:: ACTIVITY ::
Using the records below, transcribe word for word the stretch from the line that contains "Sowats Spring AZ" through the line that contains "Viaje Corazones y", both end lines included, and nothing else.

:: SUPPLIED ENTRIES ::
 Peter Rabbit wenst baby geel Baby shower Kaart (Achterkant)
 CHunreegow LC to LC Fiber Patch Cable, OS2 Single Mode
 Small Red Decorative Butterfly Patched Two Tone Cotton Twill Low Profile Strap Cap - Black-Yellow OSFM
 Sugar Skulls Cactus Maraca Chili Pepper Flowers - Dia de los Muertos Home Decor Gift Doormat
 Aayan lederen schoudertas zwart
--
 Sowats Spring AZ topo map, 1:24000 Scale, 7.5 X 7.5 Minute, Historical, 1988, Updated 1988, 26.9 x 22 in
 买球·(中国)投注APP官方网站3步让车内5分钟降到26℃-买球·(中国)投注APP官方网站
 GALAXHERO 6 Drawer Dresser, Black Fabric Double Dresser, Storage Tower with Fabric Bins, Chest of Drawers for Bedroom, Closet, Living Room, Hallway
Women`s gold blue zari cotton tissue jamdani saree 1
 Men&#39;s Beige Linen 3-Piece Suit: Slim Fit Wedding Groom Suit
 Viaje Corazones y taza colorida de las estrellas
* * *
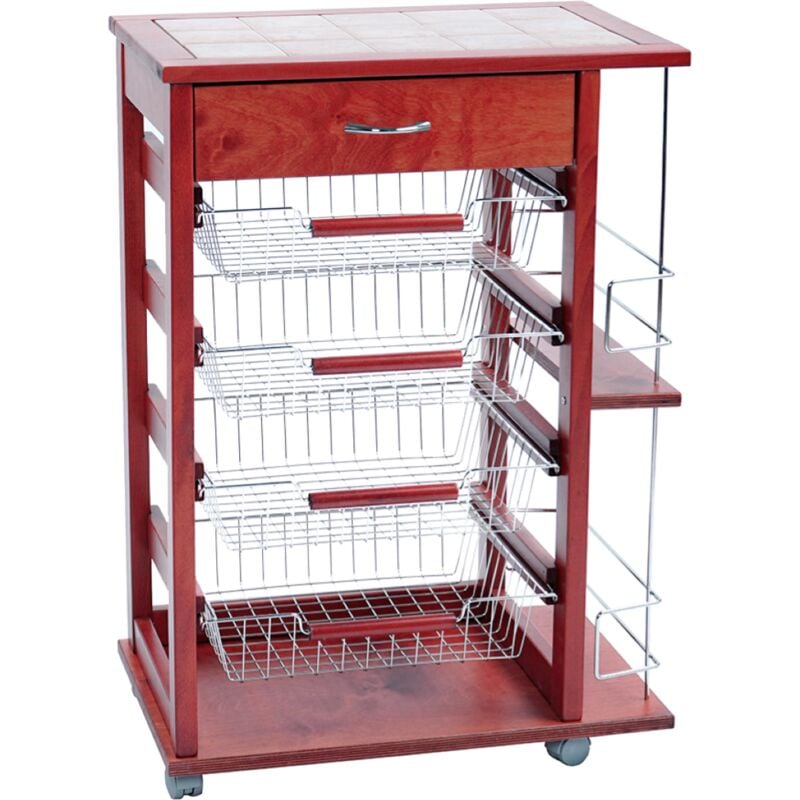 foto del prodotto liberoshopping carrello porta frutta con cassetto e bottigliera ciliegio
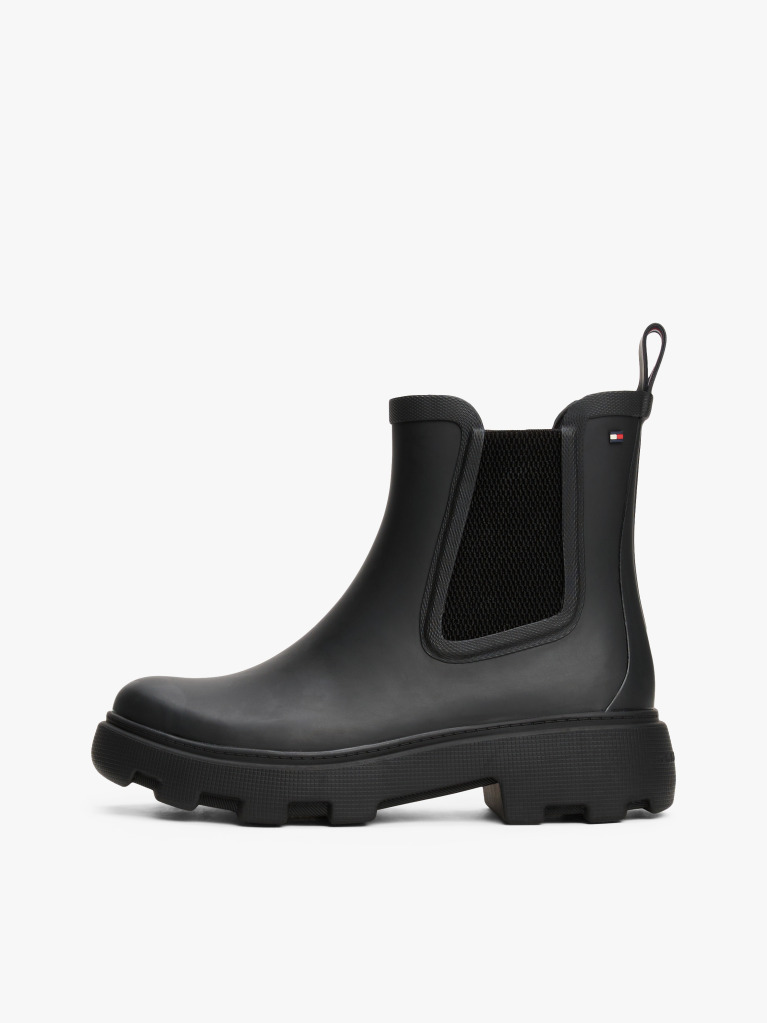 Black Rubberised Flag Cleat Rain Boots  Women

:: RESPONSE AREA ::
 Sowats Spring AZ topo map, 1:24000 Scale, 7.5 X 7.5 Minute, Historical, 1988, Updated 1988, 26.9 x 22 in
 买球·(中国)投注APP官方网站3步让车内5分钟降到26℃-买球·(中国)投注APP官方网站
 GALAXHERO 6 Drawer Dresser, Black Fabric Double Dresser, Storage Tower with Fabric Bins, Chest of Drawers for Bedroom, Closet, Living Room, Hallway
Women`s gold blue zari cotton tissue jamdani saree 1
 Men&#39;s Beige Linen 3-Piece Suit: Slim Fit Wedding Groom Suit
 Viaje Corazones y taza colorida de las estrellas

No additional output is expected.